Complex systems usually struggle to sync the adaptation pace of their constituent elements, causing instability over time.
This is why successful complex systems must ensure all their elements continuously engage with and adapt to external conditions at various scales while communicating and replicating successful adaptation strategies. The faster successful evolutionary adaptations can be transmitted and replicated across a complex system, the better it adapts to changing conditions and the more stable it is. This is why high command, senior management, and C-suite executives should always be fully involved at the same scales as their frontline units. Their participation only speeds up the percolation of successful adaptations across the complex system.
Consider this dynamic in practice. After more than two years of incessant FPV drone warfare, most frontline units on either side of the war in Ukraine have fully or partially adapted to the immediate danger of FPV drone attacks. These are usually small-scale, locally improvised adaptations of varying complexity - from shields welded to the tank to amateur radio jammers. However, these successful local adaptations have not been replicated by all elements of the complex systems of the opposing armies.
For such an adaptation to occur, the internal structures of both armies would have to evolve at the same pace and align with the complexity scales of conditions on the front. Senior commanders would have to reframe operational plans around the danger of FPV drones, and the successful adaptations of frontline units - from evolving structure to new technologies and tactics - would have to be replicated across all elements of each army. This poses a profound structural challenge to the current stability of these systems.
In fact, a certain kind of complex system, whether an army, a corporation, a university, or an authoritarian state, might prioritize an arbitrary internal stability state optimized for a given macro efficiency scale over adaptability at multiple smaller scales. In practice, these types of systems would consciously opt to avoid evolutionary adaptations at multiple small scales, choosing to maintain the arbitrary stability of their current structures and operational modes at a given macro scale. At what cost, you might ask? What a good question!
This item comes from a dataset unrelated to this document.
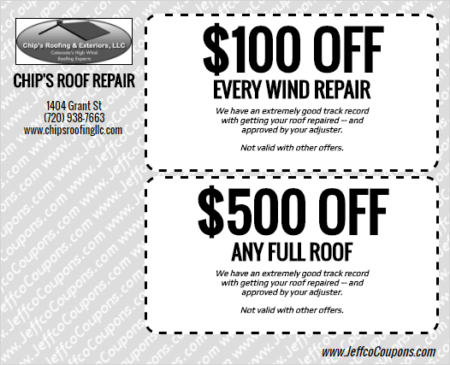 Chip’s Roofing and Exteriors Coupon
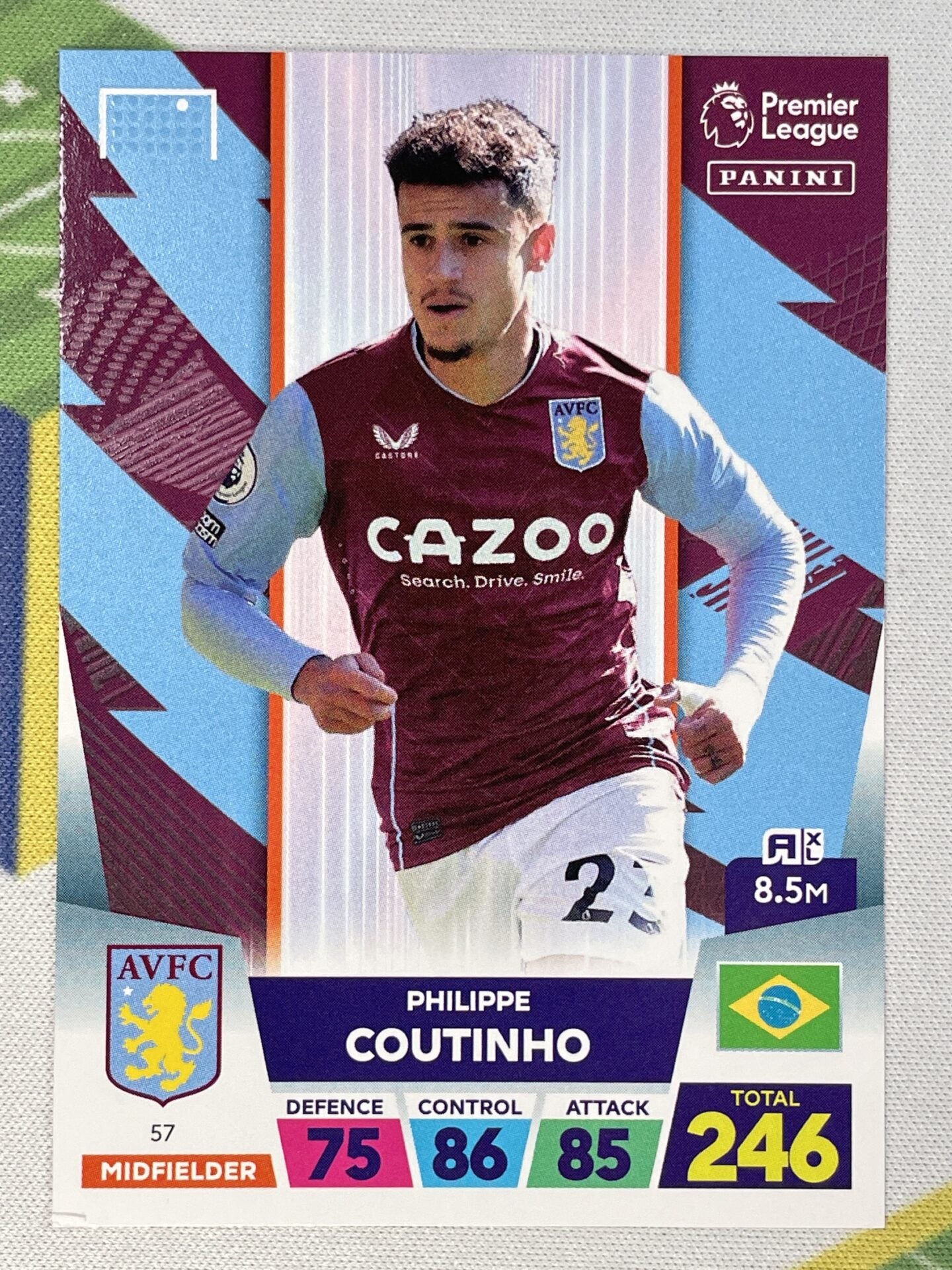 Philippe Coutinho Aston Villa Panini Premier League Adrenalyn XL 2023 Card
In a vacuum, such systems would quickly collapse from the internal build-up of entropy caused by the exponentially rising costs of non-adaptation to external conditions. In reality, such systems pay the rising costs of arbitrary stability by increasing resource consumption. As simple as that.
An army would throw more people into the grinder - the war in Ukraine is a grotesque illustration of that. An authoritarian state would expropriate as much as it can from its subjects. Many such cases! A corporation would eat up all investor cash and bank debt it can access while appearing as stable as a rock from the outside. The market favorite!
As long as a complex system can access additional energy sources, it can afford to opt for an arbitrary present stability state of optimized efficiency. This allows the system to optimize its operations for efficiency at a given macro scale while paying the costs of mal-adaptation at smaller scales. In other words, access to unlimited resources allows the system to ignore the future (adaptability), focusing on an arbitrary present it has optimized for (efficiency).
However, when additional energy sources dry up, such a system has to abandon stability and start its adventures searching for Ariadne's string. It's either that or a punch to the face and a knockout.